Commentary with Film Historian Tom Weaver

Weaver has appeared on a few other sci-fi movie commentary tracks and he is also lively and entertaining. He know his history and gives it to us without any stuffiness and arrogance found on other “historian” commentary tracks. I learned a lot about the making of the film as well as the reception it got upon release.

There is one thing that Weaver brings up that not many talk about. Weaver mentions that It Came From Outer Space was not only the first 3-D science fiction film, but also the first Widescreen 3-D film. I found this comment to be a little bit weird until I realized that widescreen was a new thing when this film was made. A lot the studios had films that were already filmed retrofitted for exhibition in widescreen. This meant taking a 1.33:1 image and adding masks to the top and bottom of the frame to give the feeling of widescreen. It Came From Outer Space was shown in theaters in 1.85:1 aspect ratio, but it’s true aspect ratio is 1.33:1.


THE PACKAGING [2 out of 4]



The blu-ray comes in a standard, non-eco blu-ray case. The cover art is not very attractive. The studio could have used something else.


The blu-ray is REGION FREE.



THE FILM [3.5 out of 4]



It Came From Outer Space is one of those films that if you caught it while channel surfing, you would stop and watch it. The film is a lot of fun and uses its sci-fi concept very well.

A space craft crash lands in middle of the desert.
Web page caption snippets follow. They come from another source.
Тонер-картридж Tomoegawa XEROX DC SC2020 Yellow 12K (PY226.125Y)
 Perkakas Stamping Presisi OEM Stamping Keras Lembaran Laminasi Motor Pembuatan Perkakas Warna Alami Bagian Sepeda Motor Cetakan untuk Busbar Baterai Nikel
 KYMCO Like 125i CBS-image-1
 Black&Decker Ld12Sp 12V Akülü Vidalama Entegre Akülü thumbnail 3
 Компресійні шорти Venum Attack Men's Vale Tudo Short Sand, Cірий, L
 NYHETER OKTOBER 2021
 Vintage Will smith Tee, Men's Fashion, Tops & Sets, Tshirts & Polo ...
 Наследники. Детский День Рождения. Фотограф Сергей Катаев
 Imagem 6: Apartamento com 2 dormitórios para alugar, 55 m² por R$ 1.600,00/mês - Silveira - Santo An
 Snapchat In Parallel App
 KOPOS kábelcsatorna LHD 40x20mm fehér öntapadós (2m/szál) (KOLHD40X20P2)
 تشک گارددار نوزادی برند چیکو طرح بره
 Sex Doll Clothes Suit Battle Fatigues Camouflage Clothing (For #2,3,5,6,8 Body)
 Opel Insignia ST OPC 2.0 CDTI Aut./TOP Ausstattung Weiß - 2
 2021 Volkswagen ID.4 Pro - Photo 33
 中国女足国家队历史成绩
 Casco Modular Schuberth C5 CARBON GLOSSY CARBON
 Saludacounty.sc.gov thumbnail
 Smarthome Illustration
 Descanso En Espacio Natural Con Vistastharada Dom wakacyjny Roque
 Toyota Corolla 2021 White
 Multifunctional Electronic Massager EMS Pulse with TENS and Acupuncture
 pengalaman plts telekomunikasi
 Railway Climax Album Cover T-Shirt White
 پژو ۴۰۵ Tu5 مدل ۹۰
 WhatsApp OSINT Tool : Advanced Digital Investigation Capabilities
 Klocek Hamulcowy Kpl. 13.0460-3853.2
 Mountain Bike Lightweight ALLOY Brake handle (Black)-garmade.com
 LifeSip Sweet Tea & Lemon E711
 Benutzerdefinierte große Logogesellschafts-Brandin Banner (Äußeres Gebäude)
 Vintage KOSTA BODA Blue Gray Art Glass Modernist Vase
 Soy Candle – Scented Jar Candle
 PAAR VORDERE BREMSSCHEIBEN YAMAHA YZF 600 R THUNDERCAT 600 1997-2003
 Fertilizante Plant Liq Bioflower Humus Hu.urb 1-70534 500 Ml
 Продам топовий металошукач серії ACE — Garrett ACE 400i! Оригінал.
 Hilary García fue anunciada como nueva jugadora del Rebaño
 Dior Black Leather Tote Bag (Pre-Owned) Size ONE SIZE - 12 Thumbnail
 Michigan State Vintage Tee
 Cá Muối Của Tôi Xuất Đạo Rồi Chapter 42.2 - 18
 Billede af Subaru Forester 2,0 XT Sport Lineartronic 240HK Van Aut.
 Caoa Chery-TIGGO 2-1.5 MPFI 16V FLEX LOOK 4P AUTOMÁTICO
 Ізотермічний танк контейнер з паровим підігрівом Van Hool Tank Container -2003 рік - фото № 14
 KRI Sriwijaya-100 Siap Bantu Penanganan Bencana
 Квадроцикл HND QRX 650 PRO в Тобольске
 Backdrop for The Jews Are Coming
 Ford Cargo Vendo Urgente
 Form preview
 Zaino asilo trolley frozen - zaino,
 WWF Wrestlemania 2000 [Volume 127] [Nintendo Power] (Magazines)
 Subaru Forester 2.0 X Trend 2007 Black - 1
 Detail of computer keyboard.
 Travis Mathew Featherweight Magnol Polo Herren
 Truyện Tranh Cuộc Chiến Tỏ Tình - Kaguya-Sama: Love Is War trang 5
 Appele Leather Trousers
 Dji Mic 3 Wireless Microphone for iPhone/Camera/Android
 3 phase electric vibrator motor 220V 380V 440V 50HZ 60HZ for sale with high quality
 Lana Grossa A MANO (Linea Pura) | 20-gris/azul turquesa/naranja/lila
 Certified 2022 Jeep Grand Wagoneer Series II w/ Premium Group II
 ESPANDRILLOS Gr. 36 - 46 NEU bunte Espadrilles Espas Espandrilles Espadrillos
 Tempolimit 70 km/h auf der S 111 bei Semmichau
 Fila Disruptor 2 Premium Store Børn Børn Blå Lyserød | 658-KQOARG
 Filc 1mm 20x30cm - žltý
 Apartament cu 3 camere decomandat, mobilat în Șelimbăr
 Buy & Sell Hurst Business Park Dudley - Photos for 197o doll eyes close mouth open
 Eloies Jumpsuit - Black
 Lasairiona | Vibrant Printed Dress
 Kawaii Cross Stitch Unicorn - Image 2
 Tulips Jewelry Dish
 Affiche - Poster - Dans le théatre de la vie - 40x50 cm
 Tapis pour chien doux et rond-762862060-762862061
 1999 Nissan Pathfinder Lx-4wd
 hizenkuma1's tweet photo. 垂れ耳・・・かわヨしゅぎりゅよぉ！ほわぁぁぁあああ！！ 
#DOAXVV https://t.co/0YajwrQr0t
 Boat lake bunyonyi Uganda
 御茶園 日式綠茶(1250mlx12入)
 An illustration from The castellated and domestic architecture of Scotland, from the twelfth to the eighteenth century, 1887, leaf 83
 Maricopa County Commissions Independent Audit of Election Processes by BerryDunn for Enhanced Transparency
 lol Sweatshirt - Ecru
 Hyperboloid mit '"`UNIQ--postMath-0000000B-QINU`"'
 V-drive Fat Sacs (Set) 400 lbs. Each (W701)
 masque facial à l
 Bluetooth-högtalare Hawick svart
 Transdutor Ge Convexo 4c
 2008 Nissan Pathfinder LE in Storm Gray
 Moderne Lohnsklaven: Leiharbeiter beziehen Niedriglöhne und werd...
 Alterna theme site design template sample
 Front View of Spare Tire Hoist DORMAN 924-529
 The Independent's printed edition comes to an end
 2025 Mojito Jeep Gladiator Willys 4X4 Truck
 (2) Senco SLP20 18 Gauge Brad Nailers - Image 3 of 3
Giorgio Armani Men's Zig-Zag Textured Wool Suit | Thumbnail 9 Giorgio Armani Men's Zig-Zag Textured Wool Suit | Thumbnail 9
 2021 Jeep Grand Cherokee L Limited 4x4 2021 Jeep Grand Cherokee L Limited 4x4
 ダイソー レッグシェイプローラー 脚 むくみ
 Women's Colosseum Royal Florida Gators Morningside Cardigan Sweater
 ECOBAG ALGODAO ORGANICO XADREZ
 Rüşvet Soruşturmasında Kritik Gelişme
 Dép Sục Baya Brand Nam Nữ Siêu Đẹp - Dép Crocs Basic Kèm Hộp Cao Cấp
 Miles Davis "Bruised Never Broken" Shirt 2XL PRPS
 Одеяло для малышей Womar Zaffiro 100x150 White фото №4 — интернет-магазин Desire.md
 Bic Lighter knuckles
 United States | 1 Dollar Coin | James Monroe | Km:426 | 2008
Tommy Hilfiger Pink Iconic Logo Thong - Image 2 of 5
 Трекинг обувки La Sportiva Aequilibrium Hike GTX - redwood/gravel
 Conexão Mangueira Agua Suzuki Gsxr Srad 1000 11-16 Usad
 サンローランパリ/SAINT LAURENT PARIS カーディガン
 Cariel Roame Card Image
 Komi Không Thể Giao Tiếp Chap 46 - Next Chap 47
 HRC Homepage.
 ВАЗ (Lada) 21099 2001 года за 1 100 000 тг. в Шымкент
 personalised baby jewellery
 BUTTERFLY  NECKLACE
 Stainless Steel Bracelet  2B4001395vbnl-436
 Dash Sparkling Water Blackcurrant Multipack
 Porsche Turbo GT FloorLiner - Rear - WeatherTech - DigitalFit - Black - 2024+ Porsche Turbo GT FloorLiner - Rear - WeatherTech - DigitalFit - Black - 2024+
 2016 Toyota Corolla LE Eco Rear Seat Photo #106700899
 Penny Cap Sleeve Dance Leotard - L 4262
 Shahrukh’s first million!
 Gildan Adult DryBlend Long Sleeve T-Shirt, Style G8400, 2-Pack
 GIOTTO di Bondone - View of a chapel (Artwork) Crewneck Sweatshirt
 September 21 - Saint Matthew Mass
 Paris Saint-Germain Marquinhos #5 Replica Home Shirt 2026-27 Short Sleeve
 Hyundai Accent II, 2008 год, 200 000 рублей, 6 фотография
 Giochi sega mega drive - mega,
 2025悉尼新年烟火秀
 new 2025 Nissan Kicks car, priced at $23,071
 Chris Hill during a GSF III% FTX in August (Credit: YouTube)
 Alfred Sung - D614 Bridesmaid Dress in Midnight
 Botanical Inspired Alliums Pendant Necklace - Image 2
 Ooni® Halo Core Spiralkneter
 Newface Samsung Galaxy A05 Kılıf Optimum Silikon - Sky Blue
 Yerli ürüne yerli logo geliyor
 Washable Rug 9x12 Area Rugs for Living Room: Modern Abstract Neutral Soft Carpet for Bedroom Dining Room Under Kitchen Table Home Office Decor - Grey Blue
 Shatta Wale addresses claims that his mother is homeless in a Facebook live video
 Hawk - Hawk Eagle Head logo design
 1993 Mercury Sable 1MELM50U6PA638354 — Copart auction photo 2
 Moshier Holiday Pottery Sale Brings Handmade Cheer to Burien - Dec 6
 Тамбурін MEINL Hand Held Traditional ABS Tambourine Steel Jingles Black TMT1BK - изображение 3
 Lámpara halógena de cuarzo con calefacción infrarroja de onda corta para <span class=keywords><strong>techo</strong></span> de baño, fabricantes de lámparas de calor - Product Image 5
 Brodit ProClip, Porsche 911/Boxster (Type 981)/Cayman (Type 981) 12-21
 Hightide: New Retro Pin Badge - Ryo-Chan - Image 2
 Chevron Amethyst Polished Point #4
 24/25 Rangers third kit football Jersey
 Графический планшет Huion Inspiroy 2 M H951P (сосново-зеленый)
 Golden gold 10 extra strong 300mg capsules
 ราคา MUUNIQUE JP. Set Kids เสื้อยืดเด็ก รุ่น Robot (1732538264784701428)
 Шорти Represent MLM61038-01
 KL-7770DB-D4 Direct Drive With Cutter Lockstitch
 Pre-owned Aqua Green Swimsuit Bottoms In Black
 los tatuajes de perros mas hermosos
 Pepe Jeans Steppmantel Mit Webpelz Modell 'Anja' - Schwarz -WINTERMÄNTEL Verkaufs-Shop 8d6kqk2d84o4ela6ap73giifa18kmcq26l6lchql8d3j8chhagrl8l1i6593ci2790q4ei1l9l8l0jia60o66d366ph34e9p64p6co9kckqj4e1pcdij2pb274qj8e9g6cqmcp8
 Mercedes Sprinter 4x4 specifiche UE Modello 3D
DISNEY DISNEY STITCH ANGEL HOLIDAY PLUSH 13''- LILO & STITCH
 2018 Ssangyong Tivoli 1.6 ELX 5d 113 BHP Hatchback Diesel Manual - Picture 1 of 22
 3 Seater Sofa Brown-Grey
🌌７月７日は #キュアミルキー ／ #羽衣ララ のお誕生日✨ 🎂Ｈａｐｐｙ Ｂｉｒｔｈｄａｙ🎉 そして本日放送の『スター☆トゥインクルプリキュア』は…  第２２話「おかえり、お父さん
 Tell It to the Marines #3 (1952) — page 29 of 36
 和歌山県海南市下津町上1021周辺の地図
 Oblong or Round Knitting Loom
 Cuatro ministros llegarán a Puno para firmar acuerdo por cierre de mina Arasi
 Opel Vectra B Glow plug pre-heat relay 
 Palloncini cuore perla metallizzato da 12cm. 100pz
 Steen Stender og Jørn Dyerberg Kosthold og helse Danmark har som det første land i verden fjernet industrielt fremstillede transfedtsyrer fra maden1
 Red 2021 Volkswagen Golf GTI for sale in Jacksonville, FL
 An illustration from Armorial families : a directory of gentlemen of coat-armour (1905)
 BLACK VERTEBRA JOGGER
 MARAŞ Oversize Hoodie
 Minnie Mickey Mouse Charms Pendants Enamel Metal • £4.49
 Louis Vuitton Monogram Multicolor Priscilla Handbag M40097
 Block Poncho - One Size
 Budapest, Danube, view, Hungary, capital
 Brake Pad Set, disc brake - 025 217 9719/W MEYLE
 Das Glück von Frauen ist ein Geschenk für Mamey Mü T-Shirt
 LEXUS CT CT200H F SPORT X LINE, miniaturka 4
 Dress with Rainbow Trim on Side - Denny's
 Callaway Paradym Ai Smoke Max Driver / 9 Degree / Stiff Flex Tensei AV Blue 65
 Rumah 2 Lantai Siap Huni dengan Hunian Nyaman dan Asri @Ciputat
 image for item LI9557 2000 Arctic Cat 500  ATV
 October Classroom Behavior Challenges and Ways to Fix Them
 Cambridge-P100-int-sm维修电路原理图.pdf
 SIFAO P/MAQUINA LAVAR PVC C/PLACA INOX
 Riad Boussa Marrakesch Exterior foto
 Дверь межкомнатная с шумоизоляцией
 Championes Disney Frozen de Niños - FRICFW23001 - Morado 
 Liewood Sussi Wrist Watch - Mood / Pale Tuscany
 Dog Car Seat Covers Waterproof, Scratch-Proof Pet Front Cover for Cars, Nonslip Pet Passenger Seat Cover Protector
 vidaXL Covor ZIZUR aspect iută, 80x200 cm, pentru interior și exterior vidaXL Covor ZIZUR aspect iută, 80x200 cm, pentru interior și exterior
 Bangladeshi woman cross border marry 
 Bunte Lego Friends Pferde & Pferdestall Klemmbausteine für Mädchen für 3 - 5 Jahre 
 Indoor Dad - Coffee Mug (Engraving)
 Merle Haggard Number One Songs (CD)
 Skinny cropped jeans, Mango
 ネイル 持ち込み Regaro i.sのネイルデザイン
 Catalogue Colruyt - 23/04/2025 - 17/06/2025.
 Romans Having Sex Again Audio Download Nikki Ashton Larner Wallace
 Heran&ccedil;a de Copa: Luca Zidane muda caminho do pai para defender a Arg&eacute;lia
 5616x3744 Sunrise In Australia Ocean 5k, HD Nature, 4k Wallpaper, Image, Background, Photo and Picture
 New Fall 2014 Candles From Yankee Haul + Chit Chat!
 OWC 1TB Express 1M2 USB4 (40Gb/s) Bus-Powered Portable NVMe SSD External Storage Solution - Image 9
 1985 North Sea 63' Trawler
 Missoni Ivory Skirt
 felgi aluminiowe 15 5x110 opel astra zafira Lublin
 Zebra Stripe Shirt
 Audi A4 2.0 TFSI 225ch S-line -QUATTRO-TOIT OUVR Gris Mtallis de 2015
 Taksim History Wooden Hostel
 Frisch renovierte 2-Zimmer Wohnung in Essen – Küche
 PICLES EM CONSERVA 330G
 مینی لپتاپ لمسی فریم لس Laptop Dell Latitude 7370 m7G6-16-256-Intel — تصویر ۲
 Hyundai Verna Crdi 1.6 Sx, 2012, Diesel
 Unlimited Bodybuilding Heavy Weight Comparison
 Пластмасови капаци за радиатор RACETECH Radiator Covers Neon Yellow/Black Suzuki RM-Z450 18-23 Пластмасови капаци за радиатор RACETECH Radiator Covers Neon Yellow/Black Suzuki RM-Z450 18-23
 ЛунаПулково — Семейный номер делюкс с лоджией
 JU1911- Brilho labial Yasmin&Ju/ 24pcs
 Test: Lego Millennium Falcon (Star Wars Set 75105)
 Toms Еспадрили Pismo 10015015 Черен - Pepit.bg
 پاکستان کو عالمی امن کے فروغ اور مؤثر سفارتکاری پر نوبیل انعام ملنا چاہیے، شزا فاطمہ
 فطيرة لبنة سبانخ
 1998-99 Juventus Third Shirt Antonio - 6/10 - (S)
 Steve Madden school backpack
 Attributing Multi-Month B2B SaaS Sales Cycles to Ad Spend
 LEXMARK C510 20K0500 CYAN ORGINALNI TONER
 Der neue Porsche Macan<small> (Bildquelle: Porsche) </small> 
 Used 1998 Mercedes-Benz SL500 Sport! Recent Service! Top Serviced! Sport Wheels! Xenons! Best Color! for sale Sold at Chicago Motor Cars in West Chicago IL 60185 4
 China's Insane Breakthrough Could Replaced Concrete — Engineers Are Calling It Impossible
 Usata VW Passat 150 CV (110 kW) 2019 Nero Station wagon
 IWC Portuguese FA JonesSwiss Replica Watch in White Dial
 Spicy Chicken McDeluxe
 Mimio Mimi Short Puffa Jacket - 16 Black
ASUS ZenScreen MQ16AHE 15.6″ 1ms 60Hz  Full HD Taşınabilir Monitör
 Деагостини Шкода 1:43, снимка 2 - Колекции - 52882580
An amateur astronomer,  John Putman, (Richard Carlson) and his fiancĂ©e Ellen Fields (Barbara Rush) are stargazing when they see the craft crash into the earth. Just before a landslide buries the ship, a mysterious creature emerges and disappears in the desert. When Putman tells the sheriff (Charles Drake), Putman is labeled a crackpot, but before long, strange things to begin to happen and the tide of disbelief turns.

The creature starts making copies of townspeople, then kidnapping that person, and steeping into their shoes, so that repairs can be made to the ship. Putman finds this out and goes to where the ship is, so that he can save the townspeople.

I had a real blast watching this film. Director Jack Arnold creates a very vivid, lived in world for the characters to inhabit. I wasn’t around for the 50’s, but I would imagine this is how it was. Arnold is a really talented director. The year after the release of It Came From Outer Space, Arnold would go on to direct The Creature From the Black Lagoon.  He knows his characters and he isn’t afraid to show them at their weakest.

Arnold also employs the 3-D really well. There is a scene early on when Putman and Fields are standing next to a telescope. Putman turns the telescope around and the 3-D effect happens during the turn. It is really subtle, but for viewers watching the film in 3-D, it is a really cool effect. When watching the film in 2-D, the effect is gone, but no one notices. That is how 3-D should be done. In fact, the same year that It Came From Outer Space was released, another 3-D film, House of Wax, was released. If you watch House of Wax, you will see how 3-D should not be done. In that film, there is a sequence that happens where an actor starts throwing things at the camera and also uses one of those paddles with the ball attached to it. All of this stuff is flying towards the camera, and in 3-D it is sort of impressive, but in 2-D it looks really stupid.

I really had a fun time watching It Came From Outer Space. The story is pretty good and the direction is top notch. We never get to see the monster in full, which helps the film stand out. I would recommend this film to any sci-fi fan and to people who might want to see what the 50’s sci-fi boom was all about.


OVERALL [3.5 out of 4]



It Came From Outer Space is a really fun film and I was surprised that it made it to 3-D blu-ray, let alone blu-ray. The 3-D is the star of this show and it is done perfectly. The film can stand on its own as a 2-D film, but if you can watch it in 3-D, that is the way to see it. Universal has given us a great transfer and a few special features. I wish that they had created some new features, but the cost would have gone up and less people may have bought the blu-ray. I am happy with what we got and hope that Universal gives some of the other sci-fi films that they have like The Incredible Shrinking Man and Tarantula.